The problem is that I’m not sure if this is a Kakoune issue or not. Maybe my terminal emulator is optimizing kak in weird ways? Should I raise it anyways? I did raise a feature request to help fix this issue I’m seeing.
This is almost certainly a mismatch between the terminal emulator you are running and the terminal emulator Kakoune thinks you’re running.
All terminal emulators support basic things like moving the cursor to a particular location on-screen, changing color, and drawing text, and that’s enough to get an app like Kakoune working… but in practice, it’s frustratingly slow. Different terminals support different extensions that can describe screen updates more efficiently (like scrolling a region of the screen, or clearing a region to a particular colour, or run-length compression of the text stream), and Kakoune (at least in the current master branch that uses ncurses) depends on the $TERM environment variable to tell it what specific terminal emulator you’re using, so it can adapt itself to the extensions that terminal provides.

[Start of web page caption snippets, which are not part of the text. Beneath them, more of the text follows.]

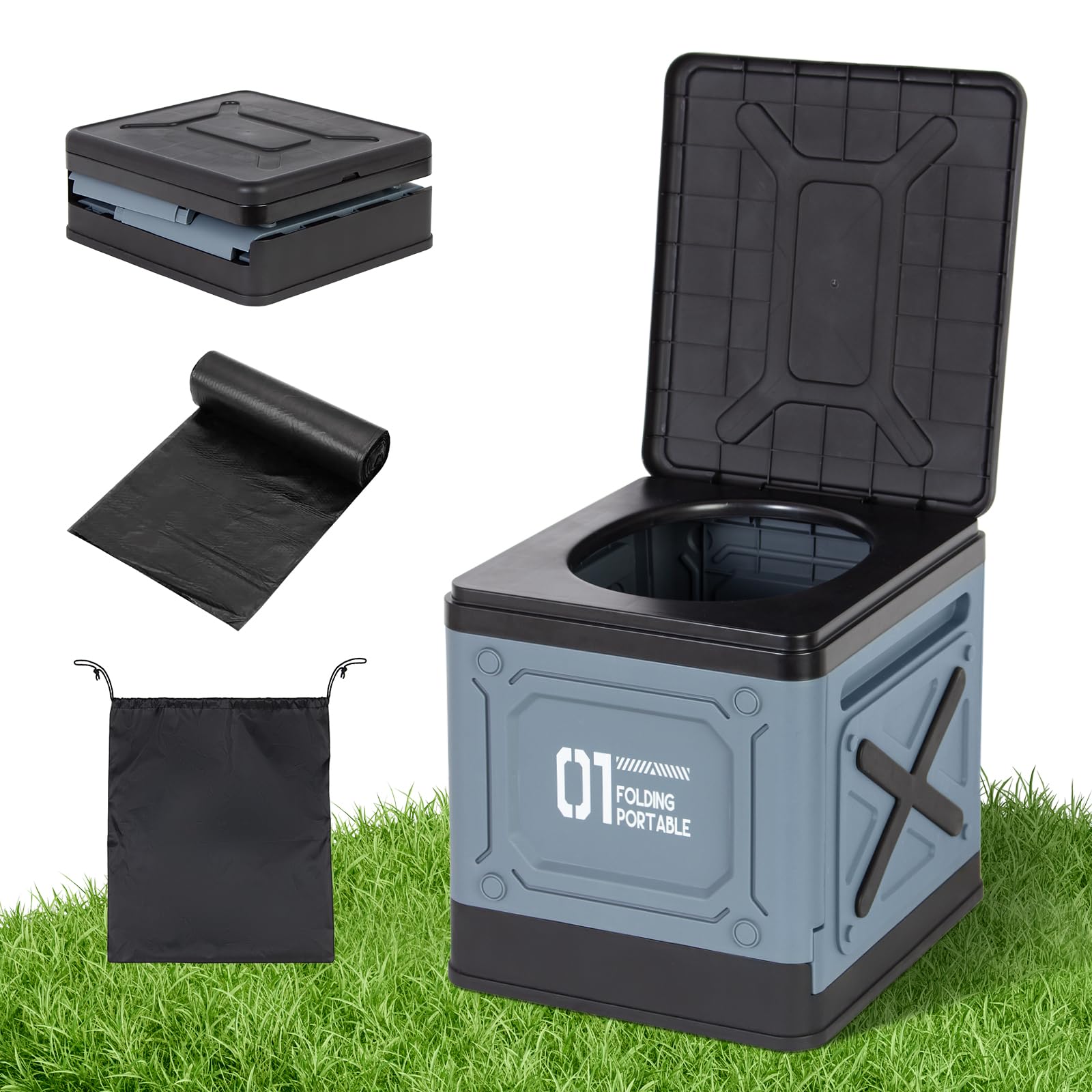 Leogreen Toilettes de Camping Pliables Max 150 kg, WC Portable Toilette Seche, Toilette Portable Voiture, pour Adulte Voyage Embouteillages
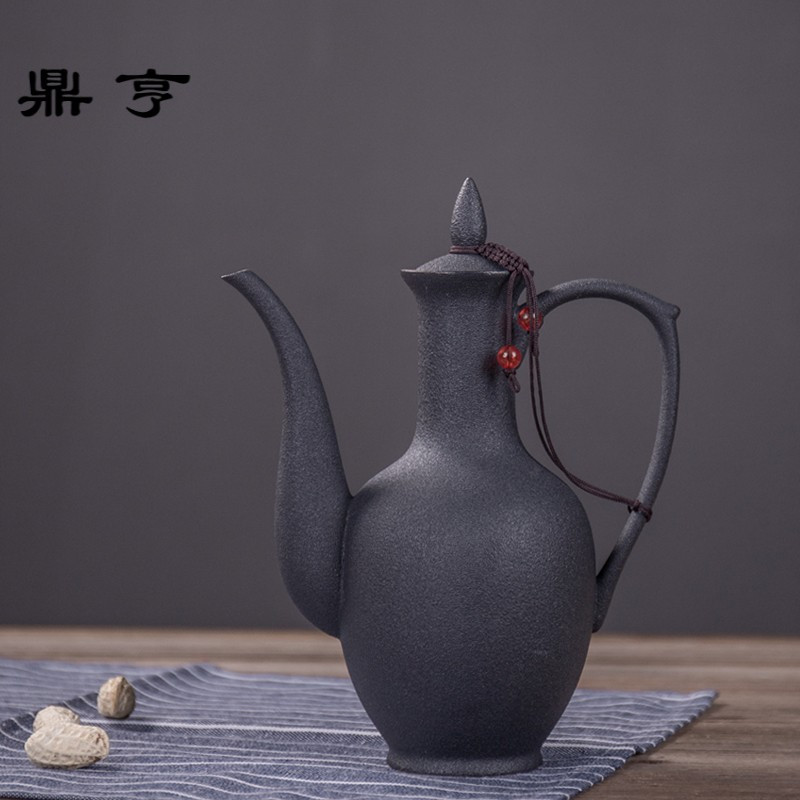 鼎亨白酒分酒器家用一斤酒壶小酒杯陶瓷圆形托盘送礼酒具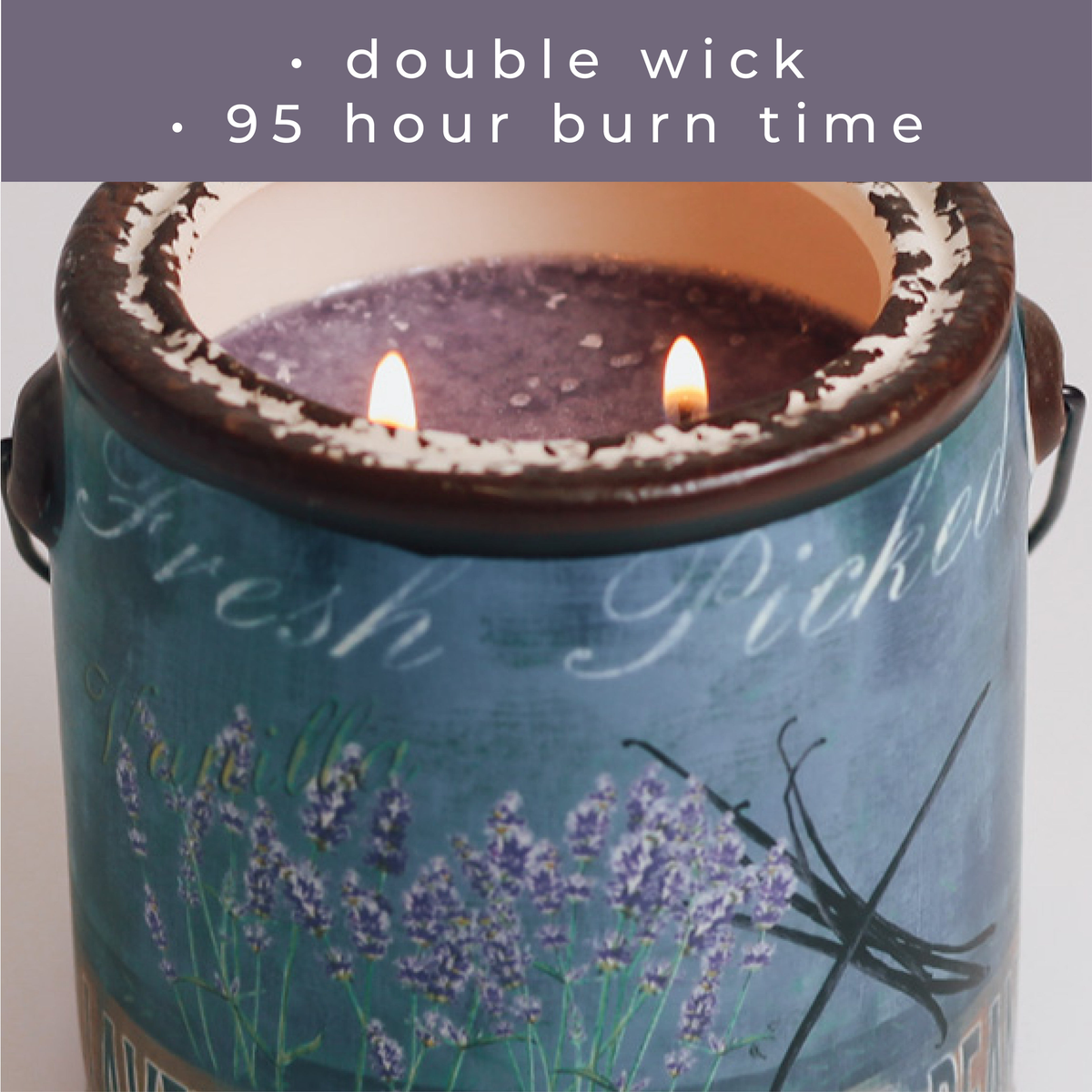 A Cheerful Giver Lavender Vanilla Farm Fresh Candle -- burn time infographic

You should also be aware that the problem comes in two halves - your terminal emulator running on your system sets $TERM to some value, but the value is interpreted on the system where the application runs. So the same terminal emulator with the same $TERM value can work beautifully on one system and be broken on another, if those systems have different terminal-definition databases.
That’s interesting. When I detach from tmux then the visual bug almost disappears entirely. (I can mash Ctrl-U and Ctrl-D to sometimes get to to reproduce, but before it would almost always break.)
This complicates things. It sounds like I can do some trial and error to figure out which $TERM value I should use for different machines I work on though. Thanks!